Dans un arrêt du 14 juin 2012, la Cour du travail de Bruxelles analyse la notion de « même unité technique d’exploitation », au sens de la loi-programme du 24 décembre 2002, autorisant la réduction de cotisations de sécurité sociale prévue par la loi pour l’engagement d’un premier travailleur.

Les faits

Un établissement de l’HORECA fait l’objet d’une cession, intervenant en deux temps et le personnel est transféré à l’issue des dernières opérations. L’exploitant de la société cédante avait, parallèlement, constitué une SPRL, dans laquelle furent transférés, quelques mois avant la cession, deux des huit travailleurs appartenant à la société cédante.
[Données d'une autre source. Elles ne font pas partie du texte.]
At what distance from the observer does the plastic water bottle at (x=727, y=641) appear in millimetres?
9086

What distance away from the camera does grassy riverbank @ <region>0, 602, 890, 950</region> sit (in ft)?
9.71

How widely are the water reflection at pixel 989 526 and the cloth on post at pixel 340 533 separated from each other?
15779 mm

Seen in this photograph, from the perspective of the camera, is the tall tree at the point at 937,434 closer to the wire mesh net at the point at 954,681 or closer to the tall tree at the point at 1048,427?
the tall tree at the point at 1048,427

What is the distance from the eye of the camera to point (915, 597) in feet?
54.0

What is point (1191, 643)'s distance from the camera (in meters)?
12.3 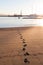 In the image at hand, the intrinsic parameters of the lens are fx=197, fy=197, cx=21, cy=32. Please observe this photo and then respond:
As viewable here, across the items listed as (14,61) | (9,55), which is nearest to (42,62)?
(14,61)

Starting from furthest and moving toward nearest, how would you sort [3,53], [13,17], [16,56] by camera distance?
1. [13,17]
2. [3,53]
3. [16,56]

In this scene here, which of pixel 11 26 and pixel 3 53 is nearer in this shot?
pixel 3 53

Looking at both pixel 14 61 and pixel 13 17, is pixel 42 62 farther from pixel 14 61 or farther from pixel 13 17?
pixel 13 17

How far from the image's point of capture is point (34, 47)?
525 cm

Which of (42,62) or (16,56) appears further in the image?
(16,56)

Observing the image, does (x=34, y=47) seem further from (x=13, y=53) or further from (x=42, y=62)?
(x=42, y=62)

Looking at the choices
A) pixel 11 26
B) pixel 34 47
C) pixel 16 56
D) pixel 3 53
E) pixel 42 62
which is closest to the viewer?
pixel 42 62

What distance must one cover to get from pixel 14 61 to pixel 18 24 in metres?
6.29

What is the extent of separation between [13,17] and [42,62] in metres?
8.65

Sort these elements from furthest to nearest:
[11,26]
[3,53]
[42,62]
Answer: [11,26]
[3,53]
[42,62]

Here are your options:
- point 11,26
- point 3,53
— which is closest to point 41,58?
point 3,53

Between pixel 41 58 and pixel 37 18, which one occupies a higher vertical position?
pixel 41 58

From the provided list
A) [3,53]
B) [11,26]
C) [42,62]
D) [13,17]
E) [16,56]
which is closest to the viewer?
[42,62]

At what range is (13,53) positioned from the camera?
4590 mm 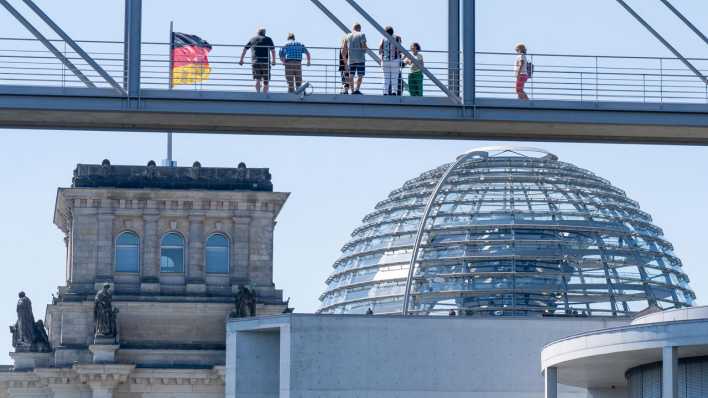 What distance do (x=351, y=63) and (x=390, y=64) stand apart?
26.4 inches

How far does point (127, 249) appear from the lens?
110m

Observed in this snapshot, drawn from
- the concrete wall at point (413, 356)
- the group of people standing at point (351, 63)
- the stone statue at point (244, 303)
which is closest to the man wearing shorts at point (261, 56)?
the group of people standing at point (351, 63)

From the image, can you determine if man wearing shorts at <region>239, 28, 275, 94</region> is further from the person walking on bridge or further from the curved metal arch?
the curved metal arch

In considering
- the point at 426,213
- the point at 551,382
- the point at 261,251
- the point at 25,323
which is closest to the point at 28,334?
the point at 25,323

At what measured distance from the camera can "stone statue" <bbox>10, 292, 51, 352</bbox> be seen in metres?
108

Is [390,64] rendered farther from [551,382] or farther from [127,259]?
[127,259]

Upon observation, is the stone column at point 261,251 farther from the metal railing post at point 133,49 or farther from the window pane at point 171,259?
the metal railing post at point 133,49

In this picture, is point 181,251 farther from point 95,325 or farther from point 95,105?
point 95,105

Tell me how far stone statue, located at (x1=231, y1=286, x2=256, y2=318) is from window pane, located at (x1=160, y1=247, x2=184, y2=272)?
4.95 metres

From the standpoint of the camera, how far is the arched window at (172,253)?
10962 cm

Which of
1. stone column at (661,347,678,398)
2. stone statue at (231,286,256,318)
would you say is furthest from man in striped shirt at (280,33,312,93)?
stone statue at (231,286,256,318)

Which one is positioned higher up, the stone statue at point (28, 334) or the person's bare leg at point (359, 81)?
the person's bare leg at point (359, 81)

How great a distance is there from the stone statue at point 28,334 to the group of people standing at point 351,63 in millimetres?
64820

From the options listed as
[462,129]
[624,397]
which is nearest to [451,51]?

Ceux-ci furent licenciés et marquèrent leur accord pour entrer au service de cette SPRL. Ils se trouvaient ainsi dans la situation de premiers travailleurs d’une nouvelle société créée et l’employeur était dans les conditions pour bénéficier des dispositions de la loi-programme du 24 décembre 2002 (articles 342 et suivants).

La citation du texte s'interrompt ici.